Los encapsulados podrían interpretarse como el titánico esfuerzo por trascender la superficie y devolver a la imagen un calado que en su bidimensionalidad, en sus tramas o en su satinado, parece haber desaparecido. El brillo del papel impide penetrar la imagen y los ojos resbalan por esa humedad falsa. El desgarro interior de una escena o un gesto humano no siempre trasciende su superficie, el plano informativo que se le asigna. Darío Villalba, desde sus documentos básicos, genera superficies sobre las que la pintura se asienta como un nuevo relieve. La búsqueda de profundidad, ya sea a través del accidente, a través de la mancha o del recorte de los contornos y de la conversión en objeto, a través en definitiva de todo ese tratamiento intensivo, no hace sino troquelar y describir nuestra experiencia “encapsulada” de la imagen. Todo es superficie, aparición...

Darío Villalba está fotografiando de continuo, viendo la realidad quieta cuando todo está en movimiento, congelando internamente los instantes. Cuando la fotografía se instala en la visión misma de las cosas es que ha perdido su carácter de medio con unas determinaciones técnicas propias. Se transforma en bisturí directo de la mirada, se convierte en experiencia. La cámara réflex de pequeño formato se transforma en gesto y, con ello, en pintura. Hay una perfecta identidad entre fotografía y pintura a partir de un mismo soporte universal: la congelación y la instantaneidad de la visión. Una visión ya convertida en emblema, simbólica desde su nacimiento.

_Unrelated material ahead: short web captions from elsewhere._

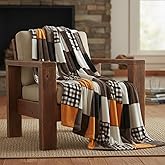 Tache Orange Plaid Blanket Fall Orange Farmhouse Super Soft Micro Fleece Plaid Patchwork Plush Lightweight Dual-Sided Decorative Couch, Sofa, Travel, Lap, Bed Throw Blanket, 63x87, Twin Size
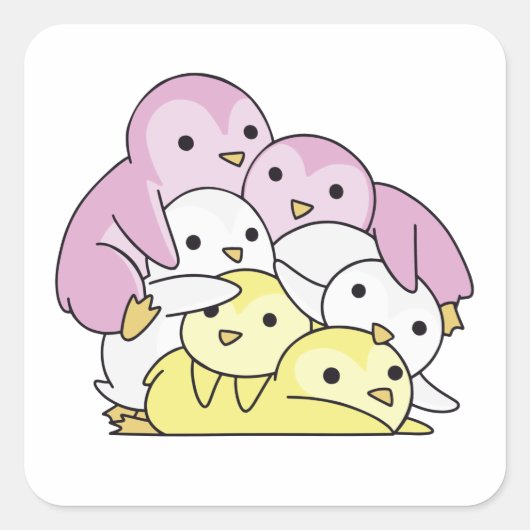 トリンク国旗のプライドLgbtqかわいいペンギン スクエアシール (正面)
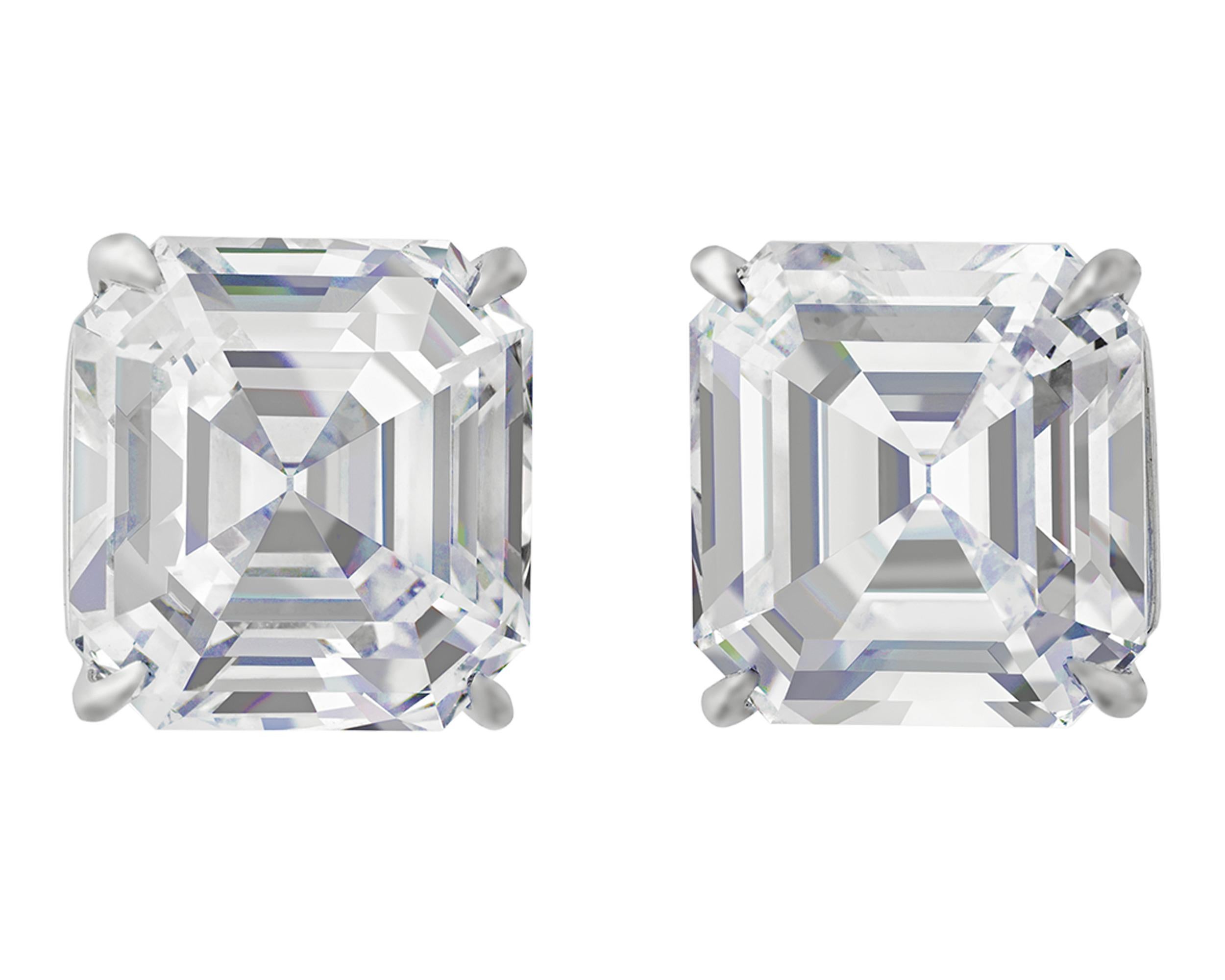Diamant-Ohrstecker im Asscher-Schliff, 14,42 Karat (Moderne) im Angebot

Darío Villalba recubre el suelo de su estudio con los documentos básicos, con cientos de fotografías en las que el ojo parece obsesionarse con una determinada gama de detalles, de minucias amplificadas. Su exploración artística es una micrología, es el intento de internarse en la textura íntima de la imagen fotográfica. En toda su obra hay una fijación en el detalle, en la monstruosa amplificación del accidente mínimo. Los recintos de su pintura, estos papeles emulsionados de 18 x 24 centímetros, se suceden con alguna mecánica. Probablemente, en la visión con la que recorre este panorama, se transparenta esa entraña laminada de la fotografía, el intersticio mínimo de su superficie. Ese núcleo se traducirá en pintura, o en la inflación de los encapsulados. Su obra germina a partir del acto primigenio de la mirada.

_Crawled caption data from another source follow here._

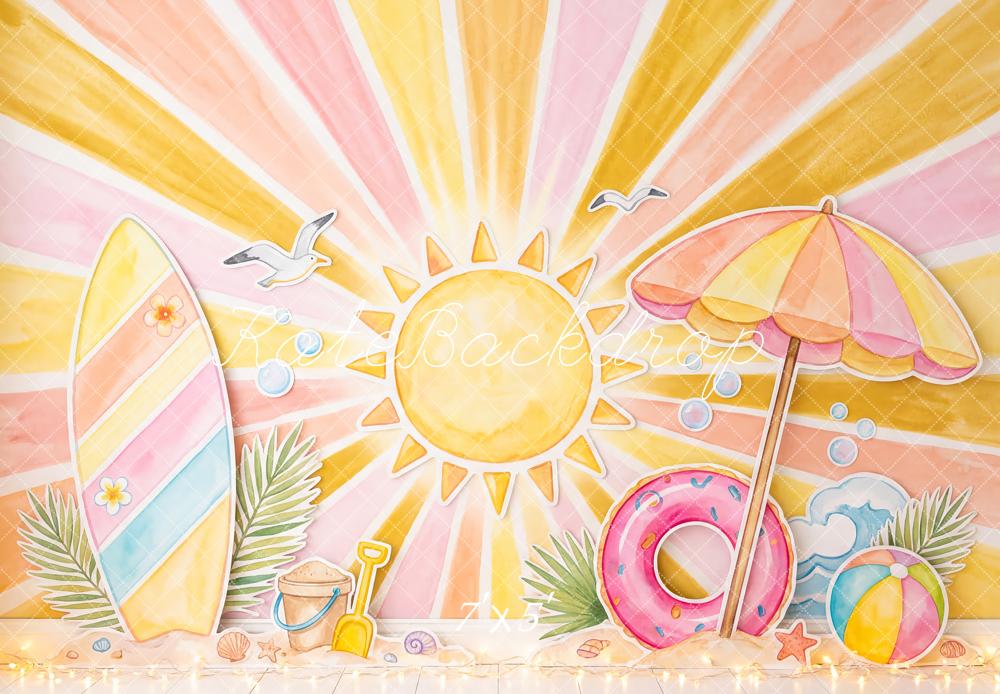 Kate Summer Beach Sun Surfboard Umbrella Float Kids Printed Backdrop Designed by Patty Roberts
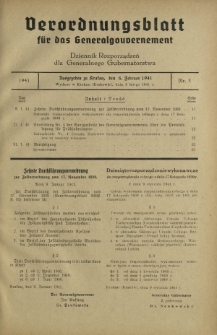 Verordnungsblatt für das Generalgouvernement = Dziennik Rozporządzeń dla Generalnego Gubernatorstwa. 1941, Nr 3 (8 Februar)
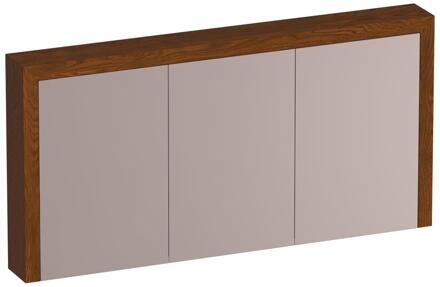 Brauer Rise Spiegelkast 140 cm - zonder Verlichting - Met 3 Dubbelzijdige Spiegeldeuren - Lamellen Eiken Bruin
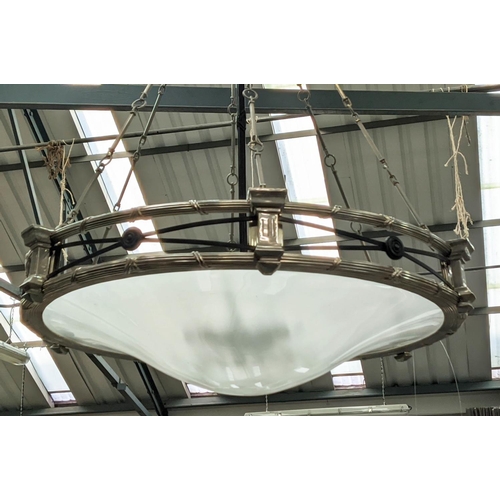 379 - CEILING LIGHT, Country House style, polished metal, glass diffuser bowl, 90cm drop.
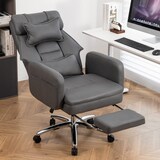 thumbnail of Bürostuhl ergonomisch drehbar mit Fußstütze Dunkelgrau 118x69x78 cm verstellbare Rückenlehne bis 155 Grad Lendenstütze Kopfstütze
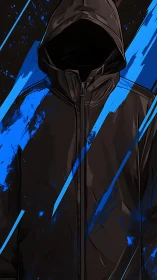 Hooded jacket silhouette with blue abstract digital streaks.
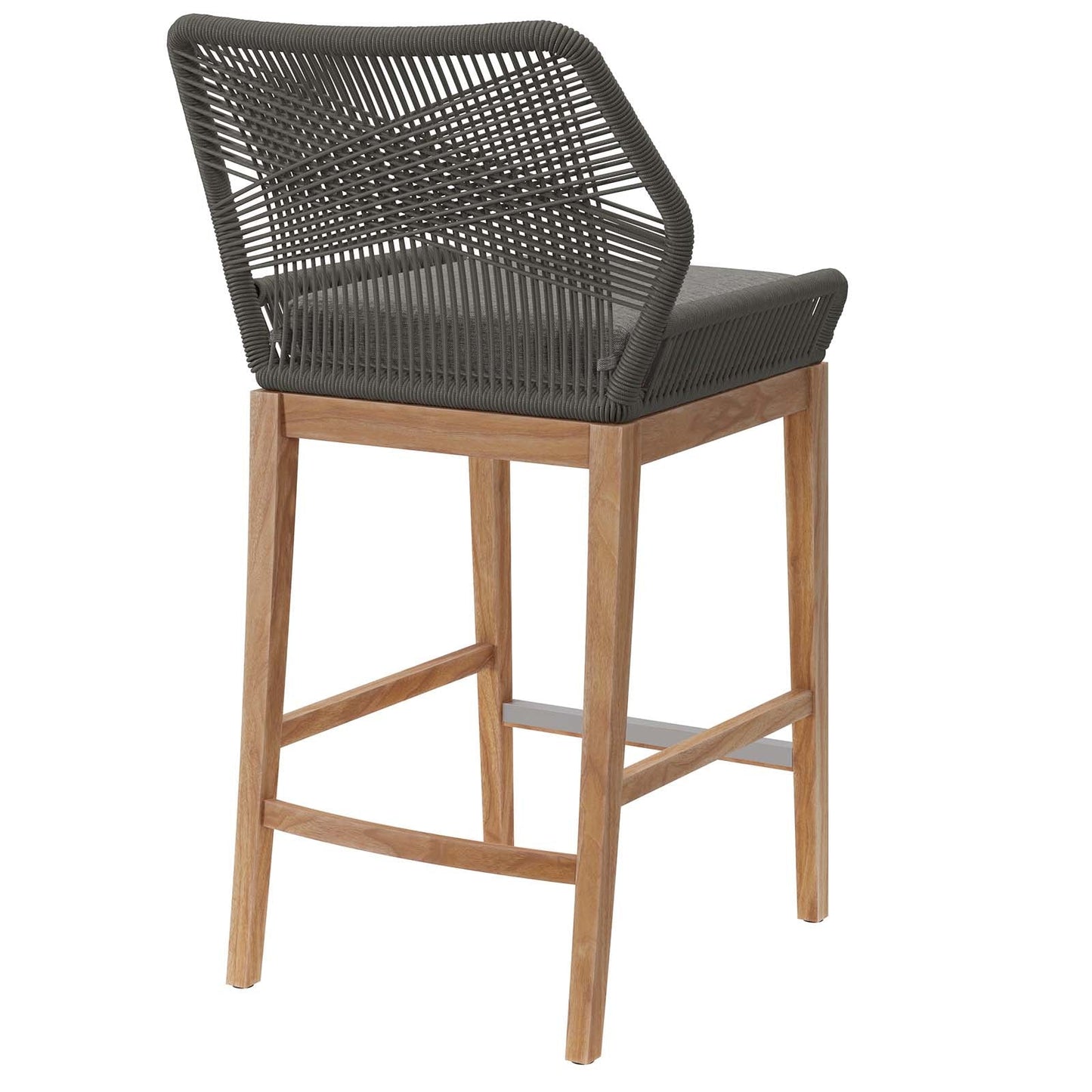 Wellspring Outdoor Patio Outdoor Patio Teak Wood Bar Stool Gray Graphite EEI-5746-GRY-GPH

5 El párrafo al que nos referimos más concretamente es el siguiente: «Se han dado muchas lecturas de estas esculturas. Todas parten de un hecho que considero problemático: el de tomar esta cápsula como algo que limita, que manifiesta la vulnerabilidad y problematicidad –el encierro– del ser que vemos en su interior. Problemático, no solamente porque me interese más el proceso inverso –la mirada inversa–, sino porque de esta manera se está considerando la fotografía como documento de un ser humano o de una actitud psicológica, pero no como pintura. Incluso se la está descargando de todas las connotaciones anti-pop que son más que evidentes. Me parece más probable, a la luz no sólo de la posterior evolución de su obra sino incluso de sus propias palabras, que la fotografía se constituyera en estos encapsulados como metáfora de la proyección del plástico. Plástico y fotografía no son sino las dos partes visibles de un mismo problema. Son identidades, o, por decirlo de una manera más clara, la fotografía se constituye como el interior del plástico, como aquello que manifestándose en el interior extremo, pero también visible, no es sino lo público. Es en esta decisión de asumir sin reservas la condición de la fotografía como necesario acto público, donde se encuentra la radicalidad de Villalba, pero siempre siendo consciente de que ha partido de una profunda reflexión pictórica sobre ese exterior como interior, es decir, como anti-fotografía.» GARCÍA HERNÁNDEZ, M. A., “La mirada de la gorgona”, en IVAM, 1994, op. cit., p. 24.